The first federal election was held on 30 March 1901. Unlike later elections, nobody resigned from their seats to contest it, but those who got elected to the federal parliament subsequently resigned their Assembly seats. This triggered a series of by-elections:

 Andrew Fisher, Labour member for Gympie, became the member for the Federal division of Wide Bay, and resigned his Assembly seat on 9 May 1901. Labour candidate Daniel Mulcahy won the resulting by-election on 8 June 1901.
 William Henry Groom, Opposition member for Drayton and Toowoomba, became the member for the Federal division of Darling Downs and resigned his Assembly seat on 4 June 1901. Independent Ministerialist candidate James Tolmie won the resulting by-election on 22 June 1901.
 James Stewart, the Labour member for North Rockhampton, became a Senator for Queensland and resigned his Assembly seat on 5 June 1901. Labour candidate Henry Turner won the resulting by-election on 22 June 1901 with a majority of one vote. This result was set aside upon petition on 17 October 1901 and Independent candidate John Linnett was declared elected without a further by-election.

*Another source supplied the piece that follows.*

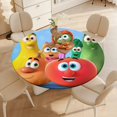 thumbnail image 4 of VeggieTales en la casa-theme Fitted Round Tablecloths Elastic Edged Table Covers Waterproof Table Cloth for Kitchen Holiday Party Tables Decor 150cm, 4 of 6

 Thomas Glassey, the Independent member for Bundaberg, became a Senator for Queensland and resigned his Assembly seat on 22 June 1901. Labour candidate George Barber won the resulting by-election on 6 July 1901.
 Anderson Dawson, the Labour member for Charters Towers, became a Senator for Queensland and resigned his Assembly seat on 11 June 1901. Labour candidate John Burrows won the resulting by-election on 6 July 1901.
 William Higgs, the Labour member for Fortitude Valley, became a Senator for Queensland and resigned his Assembly seat on 17 July 1901. Ministerial candidate John McMaster won the resulting by-election on 27 July 1901.
 Charles McDonald, the Labour member for Flinders, became the member for the Federal division of Kennedy, and resigned his Assembly seat on 24 June 1901. Labour candidate Peter Airey won the resulting by-election on 3 August 1901.
 Thomas Macdonald-Paterson, the Ministerial member for Brisbane North, became the member for the Federal division of Brisbane and resigned his Assembly seat on 31 July 1901. Ministerial candidate John Cameron won the resulting by-election on 6 August 1901.